- **WHAT THE TASK REQUIRES**
Wherever a picture appears in the data below, omit it, and restate everything else word for word.

- **DATA SHOWN**
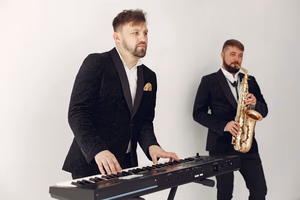 hero-02 Two male musicians in suits playing a keyboard and saxophone in a studio setting.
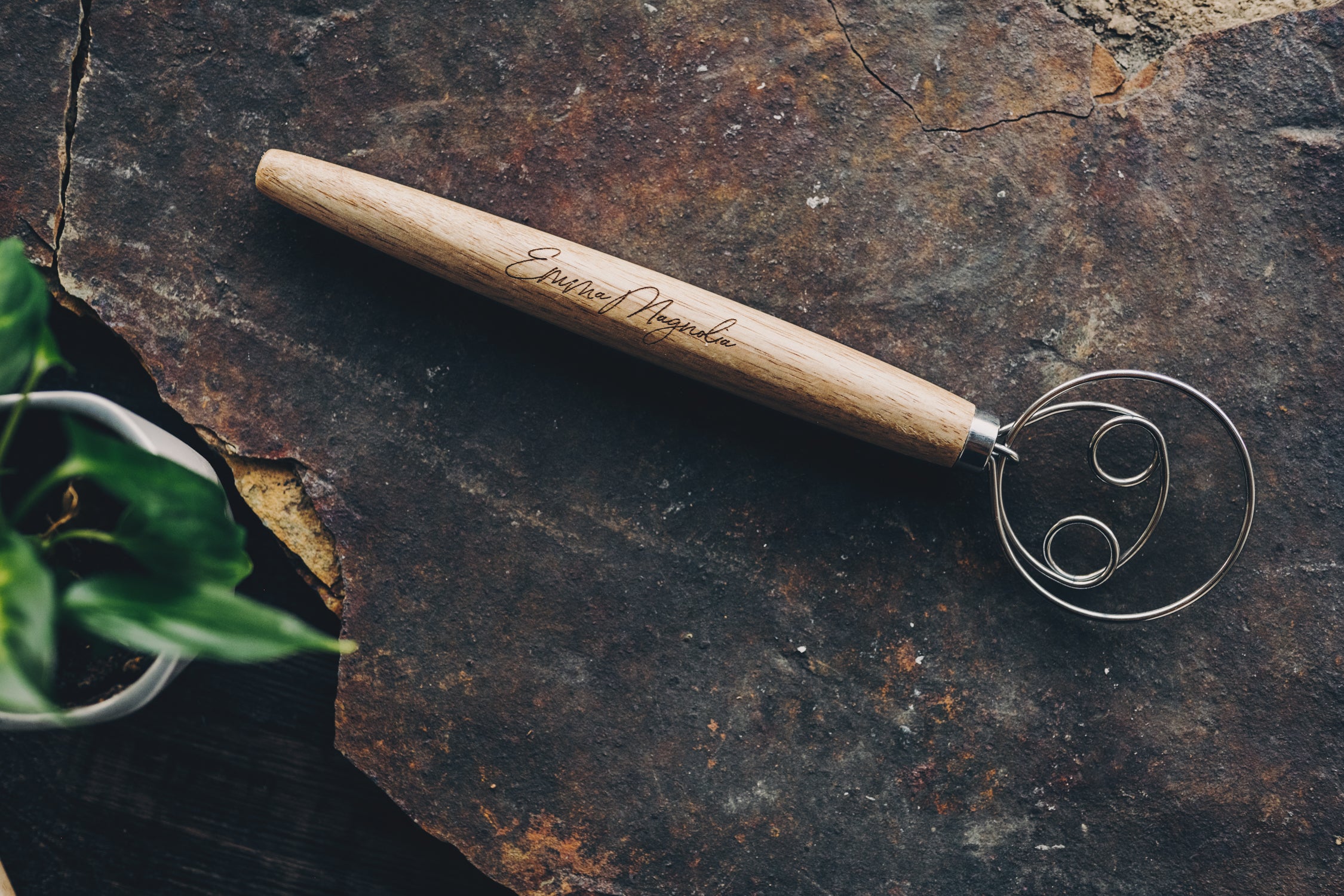 Wooden whisk handle with metal whisk head and Emma Magnolia embossed on a dark stone surface
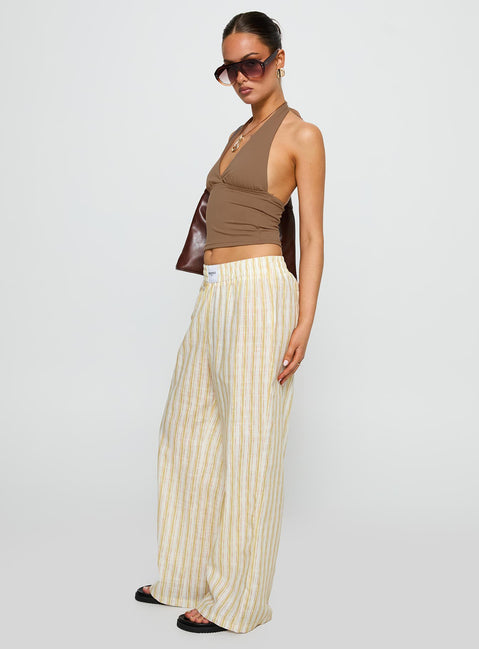 side view of model wearing Princess Polly Beach House Pants Yellow Stripe High Rise Pants Pants 
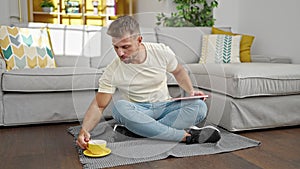 Young man drinking coffee reading book at home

- **WRITTEN RESPONSE**
 hero-02 Two male musicians in suits playing a keyboard and saxophone in a studio setting.
 Wooden whisk handle with metal whisk head and Emma Magnolia embossed on a dark stone surface
 side view of model wearing Princess Polly Beach House Pants Yellow Stripe High Rise Pants Pants 
 Young man drinking coffee reading book at home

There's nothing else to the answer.